Financial Services – Includes the company’s financial
services operations, which consist of the previous credit
segment and the “Other” segment that was combined at the
beginning of fiscal year 2011 into the financial services segment.
The “Other” segment consisted of an insurance business that
did not meet the materiality threshold of reporting. It was
previously included as a separate segment in “Financial Services”
(see Note 28).
Consolidated – Represents the consolidation of the
equipment operations and financial services. References to
“Deere & Company” or “the company” refer to the entire
enterprise.
Principles of Consolidation
The consolidated financial statements represent primarily the
consolidation of all companies in which Deere & Company
has a controlling interest. Certain variable interest entities
(VIEs) are consolidated since the company has both the power
to direct the activities that most significantly impact the VIEs’

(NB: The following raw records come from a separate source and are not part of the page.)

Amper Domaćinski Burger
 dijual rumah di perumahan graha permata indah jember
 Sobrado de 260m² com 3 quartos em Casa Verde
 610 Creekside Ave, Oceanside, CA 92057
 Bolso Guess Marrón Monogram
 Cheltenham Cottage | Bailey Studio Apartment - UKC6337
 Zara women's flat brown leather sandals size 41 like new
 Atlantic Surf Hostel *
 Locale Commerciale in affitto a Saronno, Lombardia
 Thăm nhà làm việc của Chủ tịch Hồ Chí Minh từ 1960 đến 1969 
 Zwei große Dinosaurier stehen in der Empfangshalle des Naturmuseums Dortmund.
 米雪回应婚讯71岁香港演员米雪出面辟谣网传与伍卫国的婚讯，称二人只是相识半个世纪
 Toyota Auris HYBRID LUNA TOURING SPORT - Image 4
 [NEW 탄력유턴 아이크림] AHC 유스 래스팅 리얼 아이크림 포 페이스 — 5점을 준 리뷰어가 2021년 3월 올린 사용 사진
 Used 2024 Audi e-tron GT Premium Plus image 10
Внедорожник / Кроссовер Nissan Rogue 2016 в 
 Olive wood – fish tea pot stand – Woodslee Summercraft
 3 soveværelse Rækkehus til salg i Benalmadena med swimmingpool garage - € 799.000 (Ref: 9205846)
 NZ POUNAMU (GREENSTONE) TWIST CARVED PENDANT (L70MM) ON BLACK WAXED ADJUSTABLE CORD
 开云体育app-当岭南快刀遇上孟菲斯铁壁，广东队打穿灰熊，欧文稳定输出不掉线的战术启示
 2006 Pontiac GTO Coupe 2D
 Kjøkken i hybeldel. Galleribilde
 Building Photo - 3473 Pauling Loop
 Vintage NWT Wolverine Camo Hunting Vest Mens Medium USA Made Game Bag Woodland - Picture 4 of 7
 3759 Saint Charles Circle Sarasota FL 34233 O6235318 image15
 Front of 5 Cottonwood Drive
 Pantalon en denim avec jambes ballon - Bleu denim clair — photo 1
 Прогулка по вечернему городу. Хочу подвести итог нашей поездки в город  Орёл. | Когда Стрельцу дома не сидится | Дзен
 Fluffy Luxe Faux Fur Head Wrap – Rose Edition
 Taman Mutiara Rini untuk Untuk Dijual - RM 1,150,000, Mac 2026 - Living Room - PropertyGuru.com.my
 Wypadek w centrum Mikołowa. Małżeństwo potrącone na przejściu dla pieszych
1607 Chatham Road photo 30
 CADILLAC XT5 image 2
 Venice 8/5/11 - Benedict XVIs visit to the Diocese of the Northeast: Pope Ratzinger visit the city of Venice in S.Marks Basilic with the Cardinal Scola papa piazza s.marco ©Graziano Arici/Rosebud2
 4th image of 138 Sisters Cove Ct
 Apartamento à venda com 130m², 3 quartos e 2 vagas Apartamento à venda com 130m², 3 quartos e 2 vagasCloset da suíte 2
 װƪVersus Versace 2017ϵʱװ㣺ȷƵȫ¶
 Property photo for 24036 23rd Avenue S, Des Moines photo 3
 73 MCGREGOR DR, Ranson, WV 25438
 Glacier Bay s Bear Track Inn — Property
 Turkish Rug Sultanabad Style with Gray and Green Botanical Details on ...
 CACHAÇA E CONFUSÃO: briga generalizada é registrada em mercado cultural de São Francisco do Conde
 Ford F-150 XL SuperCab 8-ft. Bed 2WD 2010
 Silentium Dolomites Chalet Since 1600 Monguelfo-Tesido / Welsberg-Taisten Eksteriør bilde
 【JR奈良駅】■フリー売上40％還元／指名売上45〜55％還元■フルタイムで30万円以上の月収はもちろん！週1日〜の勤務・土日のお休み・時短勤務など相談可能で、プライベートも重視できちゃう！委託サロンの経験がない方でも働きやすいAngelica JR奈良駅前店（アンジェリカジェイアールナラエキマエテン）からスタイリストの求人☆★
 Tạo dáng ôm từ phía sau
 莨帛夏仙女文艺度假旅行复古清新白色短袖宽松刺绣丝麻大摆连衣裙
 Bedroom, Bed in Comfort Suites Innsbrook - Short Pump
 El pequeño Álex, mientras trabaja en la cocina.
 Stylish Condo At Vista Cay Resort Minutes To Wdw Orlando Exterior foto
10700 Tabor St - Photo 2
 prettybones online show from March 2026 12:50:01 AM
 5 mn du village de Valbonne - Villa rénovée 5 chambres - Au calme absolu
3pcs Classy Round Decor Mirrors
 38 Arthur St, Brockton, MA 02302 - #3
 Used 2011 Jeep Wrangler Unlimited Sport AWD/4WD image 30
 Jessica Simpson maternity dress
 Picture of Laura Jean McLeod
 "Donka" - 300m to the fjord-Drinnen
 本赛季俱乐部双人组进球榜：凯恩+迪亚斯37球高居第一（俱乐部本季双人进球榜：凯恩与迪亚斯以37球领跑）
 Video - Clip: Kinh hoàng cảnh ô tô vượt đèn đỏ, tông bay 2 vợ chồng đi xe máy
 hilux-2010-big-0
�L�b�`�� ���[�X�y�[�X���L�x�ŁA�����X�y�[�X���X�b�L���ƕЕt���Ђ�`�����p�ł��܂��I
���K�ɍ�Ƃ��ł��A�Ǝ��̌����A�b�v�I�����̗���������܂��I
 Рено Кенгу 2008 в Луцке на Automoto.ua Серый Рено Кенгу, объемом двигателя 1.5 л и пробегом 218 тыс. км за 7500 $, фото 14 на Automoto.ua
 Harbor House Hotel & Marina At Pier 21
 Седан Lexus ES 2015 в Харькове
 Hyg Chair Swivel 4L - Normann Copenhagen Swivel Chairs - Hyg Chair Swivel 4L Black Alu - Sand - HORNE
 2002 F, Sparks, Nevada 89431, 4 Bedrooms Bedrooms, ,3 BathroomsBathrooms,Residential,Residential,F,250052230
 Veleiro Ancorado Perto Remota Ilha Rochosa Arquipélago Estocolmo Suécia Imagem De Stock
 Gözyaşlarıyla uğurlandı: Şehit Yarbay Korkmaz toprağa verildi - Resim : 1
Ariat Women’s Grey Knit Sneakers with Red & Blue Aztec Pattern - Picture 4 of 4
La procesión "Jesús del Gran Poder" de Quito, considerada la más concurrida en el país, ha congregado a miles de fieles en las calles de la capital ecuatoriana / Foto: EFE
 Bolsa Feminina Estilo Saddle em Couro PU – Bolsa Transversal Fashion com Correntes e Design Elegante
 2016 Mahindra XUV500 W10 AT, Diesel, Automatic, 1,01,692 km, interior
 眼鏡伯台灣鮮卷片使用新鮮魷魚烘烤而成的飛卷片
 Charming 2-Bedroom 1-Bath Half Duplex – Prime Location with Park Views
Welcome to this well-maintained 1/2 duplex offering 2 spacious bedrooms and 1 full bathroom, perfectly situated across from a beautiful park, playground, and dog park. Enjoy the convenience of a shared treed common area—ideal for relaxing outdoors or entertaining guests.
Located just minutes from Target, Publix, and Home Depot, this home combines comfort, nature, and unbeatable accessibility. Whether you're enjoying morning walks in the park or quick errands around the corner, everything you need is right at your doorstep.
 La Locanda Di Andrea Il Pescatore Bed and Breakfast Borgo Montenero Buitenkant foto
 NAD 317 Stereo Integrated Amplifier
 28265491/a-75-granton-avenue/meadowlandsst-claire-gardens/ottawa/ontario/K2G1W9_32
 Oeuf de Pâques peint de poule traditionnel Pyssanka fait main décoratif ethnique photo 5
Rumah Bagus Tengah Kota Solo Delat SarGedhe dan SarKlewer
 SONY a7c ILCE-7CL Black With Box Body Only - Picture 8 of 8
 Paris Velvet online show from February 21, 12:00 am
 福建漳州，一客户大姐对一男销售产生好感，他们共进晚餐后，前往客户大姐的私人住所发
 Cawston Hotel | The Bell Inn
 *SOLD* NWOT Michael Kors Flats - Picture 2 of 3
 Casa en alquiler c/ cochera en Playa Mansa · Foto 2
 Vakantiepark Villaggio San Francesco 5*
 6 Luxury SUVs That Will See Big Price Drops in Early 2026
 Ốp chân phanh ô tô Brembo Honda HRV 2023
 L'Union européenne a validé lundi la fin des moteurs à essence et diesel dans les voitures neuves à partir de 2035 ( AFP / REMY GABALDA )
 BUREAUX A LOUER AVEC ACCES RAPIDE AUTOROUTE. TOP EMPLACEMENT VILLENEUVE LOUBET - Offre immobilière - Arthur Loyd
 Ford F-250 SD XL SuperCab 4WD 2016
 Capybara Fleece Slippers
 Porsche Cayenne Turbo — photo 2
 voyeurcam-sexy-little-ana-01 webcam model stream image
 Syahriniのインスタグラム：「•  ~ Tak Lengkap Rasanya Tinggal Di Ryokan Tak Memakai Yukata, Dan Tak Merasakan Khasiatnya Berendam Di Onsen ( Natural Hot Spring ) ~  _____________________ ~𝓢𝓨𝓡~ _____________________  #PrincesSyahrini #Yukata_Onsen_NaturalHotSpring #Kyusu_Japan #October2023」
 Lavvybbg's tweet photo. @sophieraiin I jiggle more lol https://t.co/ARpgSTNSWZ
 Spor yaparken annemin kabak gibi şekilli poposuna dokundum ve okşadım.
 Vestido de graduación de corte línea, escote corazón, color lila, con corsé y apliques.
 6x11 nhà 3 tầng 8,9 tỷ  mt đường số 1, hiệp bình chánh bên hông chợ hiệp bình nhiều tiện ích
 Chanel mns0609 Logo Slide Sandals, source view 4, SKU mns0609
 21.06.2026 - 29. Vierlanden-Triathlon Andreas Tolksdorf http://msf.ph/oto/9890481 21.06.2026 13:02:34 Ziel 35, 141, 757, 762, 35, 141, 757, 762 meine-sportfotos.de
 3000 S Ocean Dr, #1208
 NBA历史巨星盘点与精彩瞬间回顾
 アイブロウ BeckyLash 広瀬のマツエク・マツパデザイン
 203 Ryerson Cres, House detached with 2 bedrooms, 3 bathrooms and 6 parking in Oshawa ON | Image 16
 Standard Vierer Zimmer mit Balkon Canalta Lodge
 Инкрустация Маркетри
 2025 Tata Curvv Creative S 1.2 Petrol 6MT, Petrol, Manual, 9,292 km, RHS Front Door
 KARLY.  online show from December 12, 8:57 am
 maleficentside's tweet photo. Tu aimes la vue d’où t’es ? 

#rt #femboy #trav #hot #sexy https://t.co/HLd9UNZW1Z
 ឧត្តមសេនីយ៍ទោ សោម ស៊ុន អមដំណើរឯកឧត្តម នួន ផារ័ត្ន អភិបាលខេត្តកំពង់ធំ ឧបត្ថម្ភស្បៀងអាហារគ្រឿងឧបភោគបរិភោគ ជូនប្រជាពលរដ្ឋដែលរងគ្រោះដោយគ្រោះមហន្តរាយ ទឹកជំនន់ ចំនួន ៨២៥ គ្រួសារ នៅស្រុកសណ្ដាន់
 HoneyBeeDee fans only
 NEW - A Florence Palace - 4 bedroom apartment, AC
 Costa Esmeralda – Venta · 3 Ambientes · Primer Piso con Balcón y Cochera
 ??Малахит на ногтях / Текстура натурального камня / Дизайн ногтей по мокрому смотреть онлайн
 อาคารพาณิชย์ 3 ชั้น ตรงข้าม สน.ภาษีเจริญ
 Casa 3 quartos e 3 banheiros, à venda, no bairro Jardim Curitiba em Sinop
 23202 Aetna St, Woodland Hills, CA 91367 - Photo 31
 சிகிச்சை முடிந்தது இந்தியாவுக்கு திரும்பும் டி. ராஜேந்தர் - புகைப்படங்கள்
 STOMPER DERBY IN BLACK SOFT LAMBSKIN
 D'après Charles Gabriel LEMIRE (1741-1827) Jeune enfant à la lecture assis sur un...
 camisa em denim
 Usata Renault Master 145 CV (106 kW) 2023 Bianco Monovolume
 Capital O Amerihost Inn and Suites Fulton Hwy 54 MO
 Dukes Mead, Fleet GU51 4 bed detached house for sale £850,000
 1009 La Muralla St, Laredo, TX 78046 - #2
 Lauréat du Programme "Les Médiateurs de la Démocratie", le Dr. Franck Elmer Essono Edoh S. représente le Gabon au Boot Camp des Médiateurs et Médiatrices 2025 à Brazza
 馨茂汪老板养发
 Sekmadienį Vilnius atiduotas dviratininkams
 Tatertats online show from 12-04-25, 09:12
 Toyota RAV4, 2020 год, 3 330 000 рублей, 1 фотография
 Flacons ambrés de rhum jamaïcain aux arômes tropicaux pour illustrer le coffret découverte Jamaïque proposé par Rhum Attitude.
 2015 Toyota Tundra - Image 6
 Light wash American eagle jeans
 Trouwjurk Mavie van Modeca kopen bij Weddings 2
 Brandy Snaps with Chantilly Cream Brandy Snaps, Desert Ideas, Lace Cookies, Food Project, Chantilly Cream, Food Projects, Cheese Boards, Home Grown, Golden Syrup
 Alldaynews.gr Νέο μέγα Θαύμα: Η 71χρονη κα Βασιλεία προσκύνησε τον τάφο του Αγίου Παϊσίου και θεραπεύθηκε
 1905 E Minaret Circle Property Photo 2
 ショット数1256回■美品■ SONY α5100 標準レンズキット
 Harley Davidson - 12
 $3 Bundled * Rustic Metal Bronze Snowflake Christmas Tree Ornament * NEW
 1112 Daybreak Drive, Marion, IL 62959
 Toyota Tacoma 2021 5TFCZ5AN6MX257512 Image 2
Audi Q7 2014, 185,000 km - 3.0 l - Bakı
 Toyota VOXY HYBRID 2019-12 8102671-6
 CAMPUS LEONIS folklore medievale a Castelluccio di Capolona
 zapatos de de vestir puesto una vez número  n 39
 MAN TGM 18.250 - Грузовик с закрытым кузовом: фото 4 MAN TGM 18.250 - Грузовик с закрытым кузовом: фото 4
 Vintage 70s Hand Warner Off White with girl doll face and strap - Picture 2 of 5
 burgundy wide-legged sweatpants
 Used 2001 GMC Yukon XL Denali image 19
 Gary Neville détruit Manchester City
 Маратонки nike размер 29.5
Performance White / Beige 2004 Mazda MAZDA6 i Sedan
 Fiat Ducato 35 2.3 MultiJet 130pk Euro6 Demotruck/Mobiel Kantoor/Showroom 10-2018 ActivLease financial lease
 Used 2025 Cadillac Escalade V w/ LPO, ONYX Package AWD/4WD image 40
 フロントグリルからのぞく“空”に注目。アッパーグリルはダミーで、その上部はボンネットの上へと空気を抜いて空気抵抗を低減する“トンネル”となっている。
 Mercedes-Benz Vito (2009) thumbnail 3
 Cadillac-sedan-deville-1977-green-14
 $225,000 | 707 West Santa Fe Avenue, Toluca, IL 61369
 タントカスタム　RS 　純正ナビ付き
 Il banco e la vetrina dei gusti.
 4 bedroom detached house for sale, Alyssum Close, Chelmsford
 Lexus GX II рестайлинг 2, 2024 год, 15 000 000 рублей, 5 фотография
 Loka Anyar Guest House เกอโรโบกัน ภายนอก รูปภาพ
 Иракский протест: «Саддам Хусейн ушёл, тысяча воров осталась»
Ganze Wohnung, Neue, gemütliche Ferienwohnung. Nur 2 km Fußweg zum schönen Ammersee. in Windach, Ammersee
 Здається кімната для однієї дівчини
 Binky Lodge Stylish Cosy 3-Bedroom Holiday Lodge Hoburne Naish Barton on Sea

economic performance and the obligation to absorb losses or
the right to receive benefits that could potentially be significant
to the VIEs. Deere & Company records its investment in each
unconsolidated affiliated company (generally 20 to 50 percent
ownership) at its related equity in the net assets of such affiliate
(see Note 10). Other investments (less than 20 percent owner-
ship) are recorded at cost.
Reclassifications
Certain items previously reported in specific financial statement
captions have been reclassified to conform to the 2011 financial
statement presentation. Short-term securitization borrowings
have been shown separately from other short-term borrowings
on the Consolidated Balance Sheet as a result of the adoption
of Financial Accounting Standards Board (FASB) Accounting
Standards Update (ASU) No. 2009-17 (see Note 3). In the
Supplemental Consolidating Data in Note 31, the costs and
collections of trade receivables and wholesale notes for the
financial services statement of cash flows investing activities
have been presented on a net basis. These receivables have
short durations with a high turnover rate. The total cash flows
for the financial services investing activities have not changed.
The presentation of these receivables on the Statement of
Consolidated Cash Flows has also not changed and continues
to be shown as an adjustment to net income in the operating
activities since they are related to sales.
Variable Interest Entities
The company is the primary beneficiary of and consolidates a
VIE based on a cost sharing supply contract. The company has
both the power to direct the activities that most significantly
impact the VIE’s economic performance and the obligation to
absorb losses or the right to receive benefits that could poten-
tially be significant to the VIE. No additional support beyond
what was previously contractually required has been provided
during any periods presented. The VIE produces blended
fertilizer and other lawn care products for the agriculture and
turf segment.
The assets and liabilities of this supplier VIE consisted of
the following at October 31 in millions of dollars:
2011 2010
Cash and cash equivalents ........................................... $ 11 $ 5
Intercompany receivables ............................................. 14 10
Inventories .................................................................. 30 32
Property and equipment – net ...................................... 3 4
Other assets ................................................................ 3 6
Total assets ................................................................. $ 61 $ 57
Accounts payable and accrued expenses ...................... $ 56 $ 55
Total liabilities .............................................................. $ 56 $ 55
The VIE is financed primarily through its own liabilities.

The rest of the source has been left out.